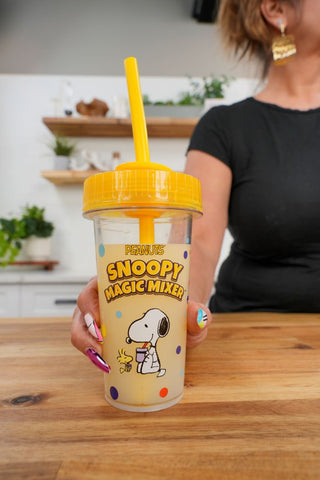 The Fun Way to Make Shakes, Floats & Smiles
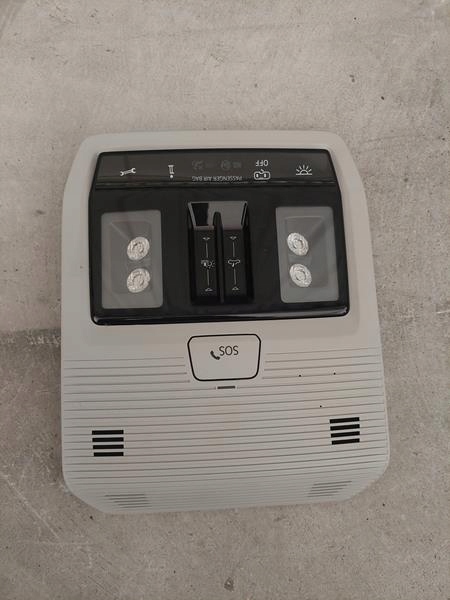 фото №1, Octavia iv 4 лампа кабины 5h0959561p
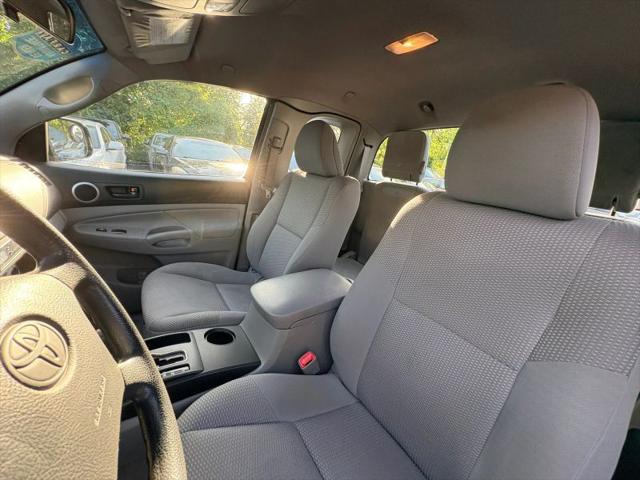 2010 Toyota Tacoma Base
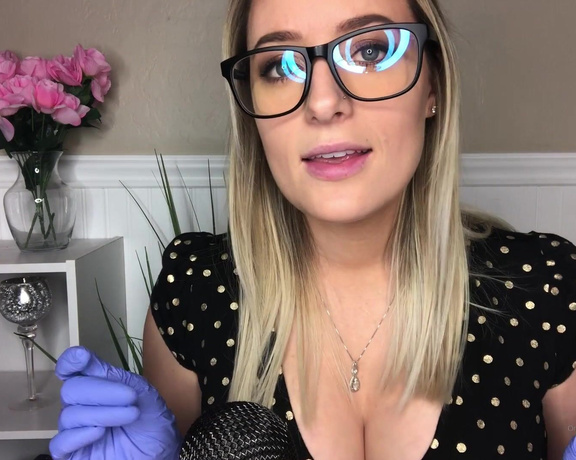 Miss Cassi aka misscassi OnlyFans - Therapist ASMR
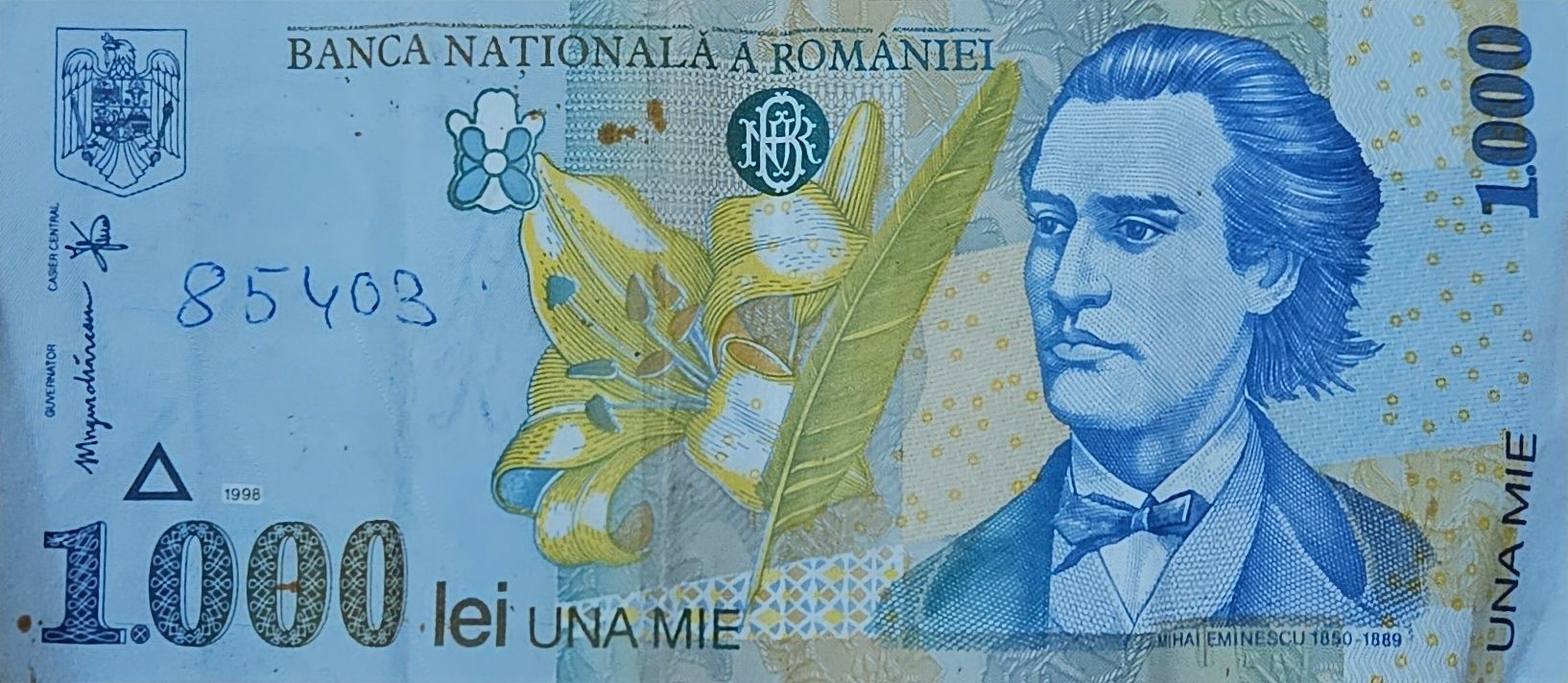 Monezi si bacnote vechi colecție..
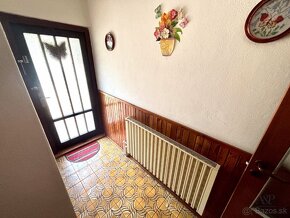 NA PREDAJ 5 IZBOVÝ RODINNÝ DOM S GARÁŽOU, POZEMOK 395M2, JAB - 13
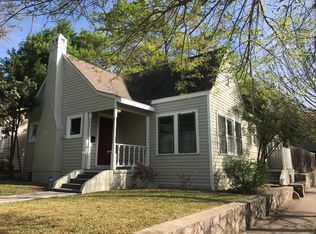 134 W Rosewood Ave, San Antonio, TX 78212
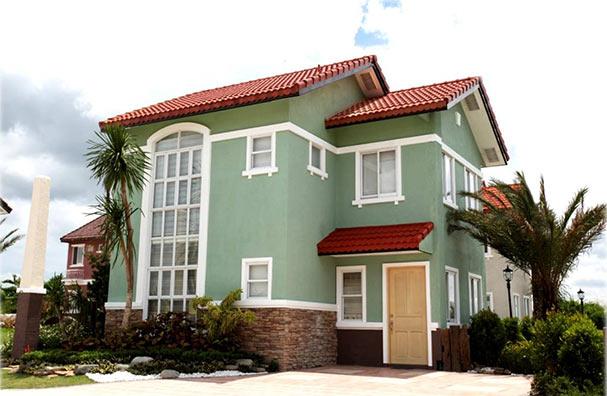 near Alabang-Rent to own Sabine single detached 4bedroom-contact:0916-8728479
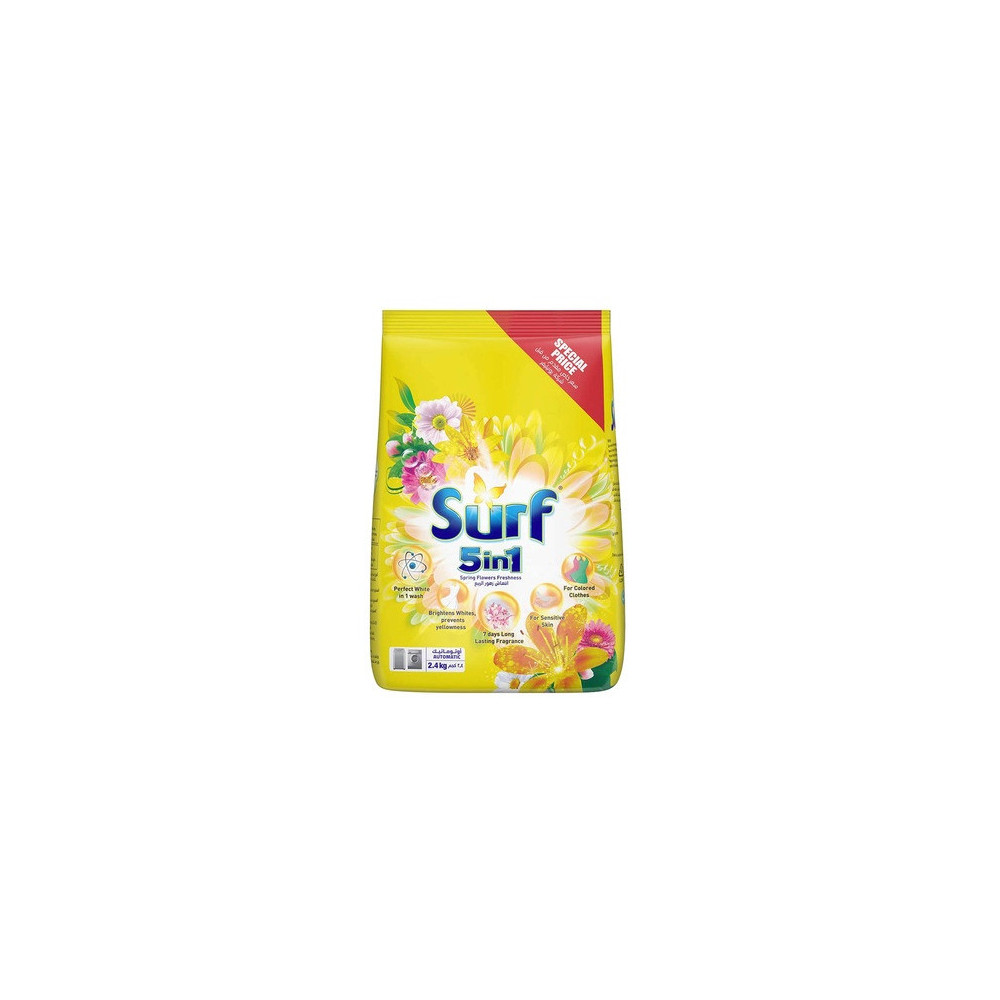 Surf Auto Spring Flower Frsh 2.4Kg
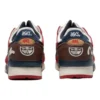 Gel-Lyte 3 x EVISU «Rot Grau Braun»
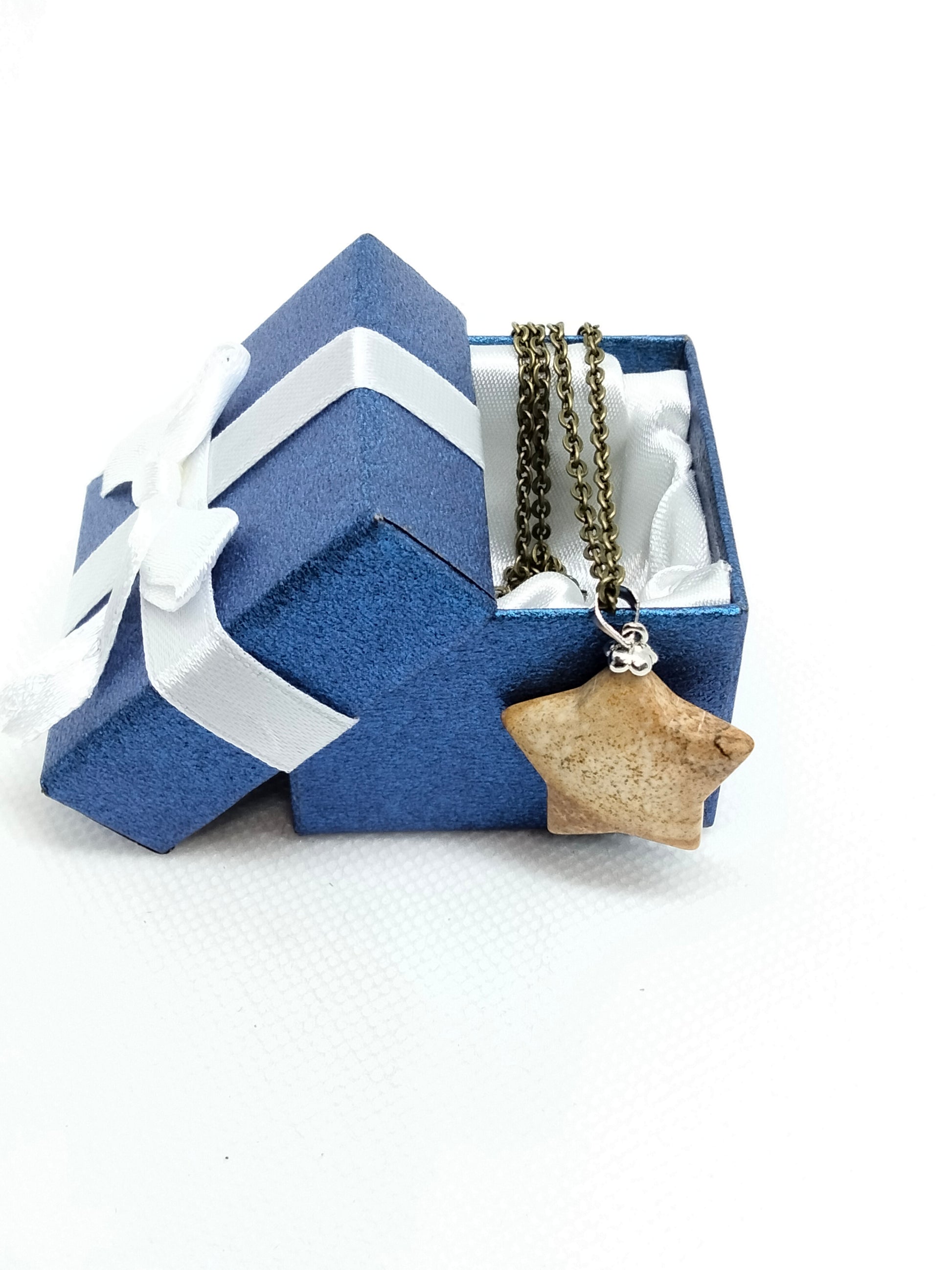 Unisex Aventurine, Unakite, Picture Jasper, Blue Jasper and Obsidian Necklaces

**Aim of the exercise:**
Take every entry above and transcribe it exactly, with no pictures in the copy.

**Task result:**
 The Fun Way to Make Shakes, Floats & Smiles
 фото №1, Octavia iv 4 лампа кабины 5h0959561p
 2010 Toyota Tacoma Base
 Miss Cassi aka misscassi OnlyFans - Therapist ASMR
 Monezi si bacnote vechi colecție..
 NA PREDAJ 5 IZBOVÝ RODINNÝ DOM S GARÁŽOU, POZEMOK 395M2, JAB - 13
 134 W Rosewood Ave, San Antonio, TX 78212
 near Alabang-Rent to own Sabine single detached 4bedroom-contact:0916-8728479
 Surf Auto Spring Flower Frsh 2.4Kg
 Gel-Lyte 3 x EVISU «Rot Grau Braun»
 Unisex Aventurine, Unakite, Picture Jasper, Blue Jasper and Obsidian Necklaces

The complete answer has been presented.